Quotes from Jonathan Edwards
There are beauties that are more palpable and explicable, and there are hidden and secret beauties… These hidden beauties are commonly by far the greatest, because the more complex a beauty is, the more hidden it is.
- Jonathan Edwards
Intend to live in continual mortification, and never to expect or desire any worldly ease or pleasure.
- Jonathan Edwards
The best, most beautiful, and most perfect way that we have of expressing a sweet concord of mind to each other is by music.
- Jonathan Edwards
true weanedness from the world don't consist in being beat off from the world by the affliction of it, but a being drawn off by the sight of something better.
- Jonathan Edwards
There are always two sides to every story, and it is generally wise, and safe, and charitable, to take the best; and yet there is probably no one way in which persons are so liable to be wrong, as in presuming the worst is true, and in forming and expressing their judgement of others, and of their actions, without waiting till all the truth is known.
- Jonathan Edwards
As God delights in his own beauty, he must necessarily delight in the creature's holiness which is a conformity to and participation of it, as truly as [the] brightness of a jewel, held in the sun's beams, is a participation or derivation of the sun's brightness, though immensely less in degree.
- Jonathan Edwards
Resolved, to study the Scriptures so steadily, constantly and frequently, as that I may find, and plainly perceive myself to grow in the knowledge of the same.
- Jonathan Edwards
Men will trust in God no further than they know Him; and they cannot be in the exercise of faith in Him one ace further than they have a sight of His fulness and faithfulness in exercise.
- Jonathan Edwards
When indeed it is in God we live, and move, and have our being.

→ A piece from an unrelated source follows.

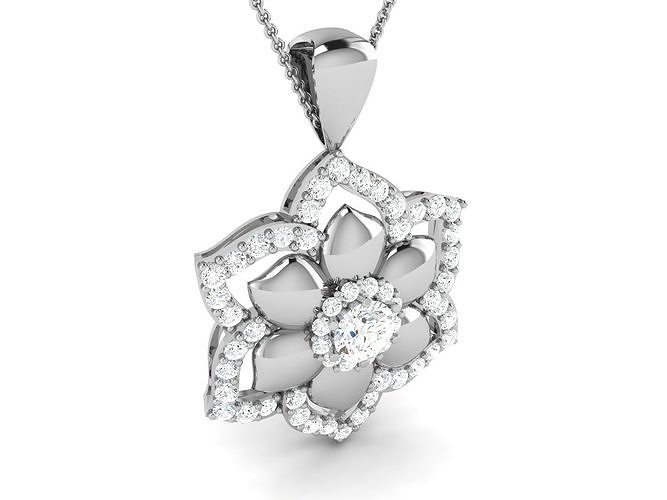 Women solitaire pendant 3dm render detail  3D print model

We cannot draw a breath without his help.
- Jonathan Edwards
Who will deny that true religion consists, in a great measure, in vigorous and lively actings of the inclination and will of the soul, or the fervent exercises of the heart? That religion which God requires, and will accept, does not consist in weak, dull, and lifeless, wishes, raising us but a little above a state of indifference.
- Jonathan Edwards
To go to heaven, fully to enjoy God, is infinitely better than the most pleasant accommodations here.
- Jonathan Edwards
The bow of God's wrath is bent, and the arrow made ready on the string, and justice bends the arrow at your heart, and strains the bow, and it is nothing but the mere pleasure of God, and that of an angry God, without any promise or obligation at all, that keeps the arrow one moment from being made drunk with your blood.